Increased Student Ownership = Elevated Student Achievement
As teachers, we all want the same thing—students achieving more and to a higher degree. We know that this is accomplished through our teaching. But are we teaching everything we should? Aside from core subjects, what else is there?
It is clear from the research that equally important to teaching core subjects is teaching students how to take ownership of their learning. There is only so much we can “teach” if the student doesn’t recognize he’s supposed to “learn.” The most effective way to get them to understand their role in education is to get them to take ownership of their learning.
With increased student ownership comes increased student achievement.
What does student ownership mean? And how do we accomplish this? Student ownership means students have the authority, responsibility, and the capacity to own their learning. And we accomplish this by delegating to students the authority, responsibility and the capacity to own their learning.
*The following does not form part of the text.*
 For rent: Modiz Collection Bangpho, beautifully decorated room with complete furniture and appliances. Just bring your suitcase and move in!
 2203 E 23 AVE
Give students the authority: We hand over the power to make decisions. This doesn’t mean that students decide what they want to learn solely based on their interests. This would not prepare them to explore content they have never been exposed to. This means that as students are learning something new they have the authority to determine what they need to master that skill—frequency of practice and types of practice, opportunities to authentically apply learning, opportunities to transfer learning into new situations. It is our role as teachers to ensure that students have the authority to make decisions about how they will grow and learn.
Give students the responsibility: We empower students to be accountable for their learning. This doesn’t mean that they alone drive their instruction. This means that students are part of the plan. They know what they are going to learn, how they will be taught it and how they will demonstrate their understanding. It is our role as teachers to ensure that students have the responsibility to be part of their own learning plan and understand their role in the plan.
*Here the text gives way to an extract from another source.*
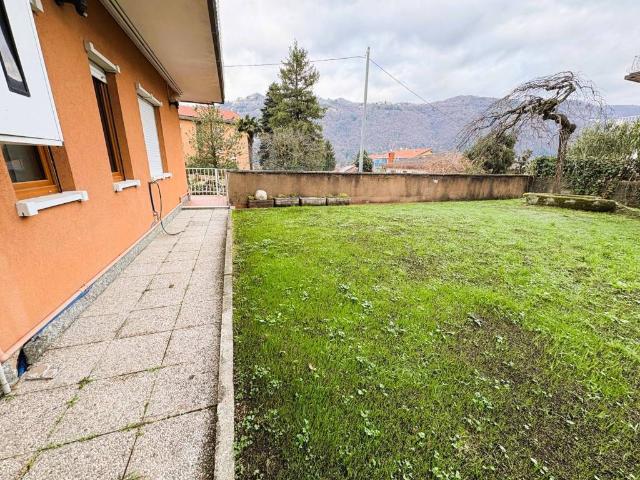 Appartamento in affitto a Como CO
Give students the capacity: We provide students with the ability or power to experience or understand something. This doesn’t mean that students only need skills and knowledge in order to learn to mastery. It means students are provided with the skills necessary to succeed by knowing what these skills are, why they need them, and how they will use them in their current and future learning. It is our role as teachers to ensure that students have the capacity to analyze and reflect on their own growth.
Is fostering student ownership easy for a teacher to do? Yes. But it does mean that the teacher needs to be open to the challenges of learning from mistakes, modeling the skills needed to succeed in college and career, explicitly teaching how to master the skills of ownership and, most importantly, be willing to give up some of their authority, responsibility, and capacity to the students.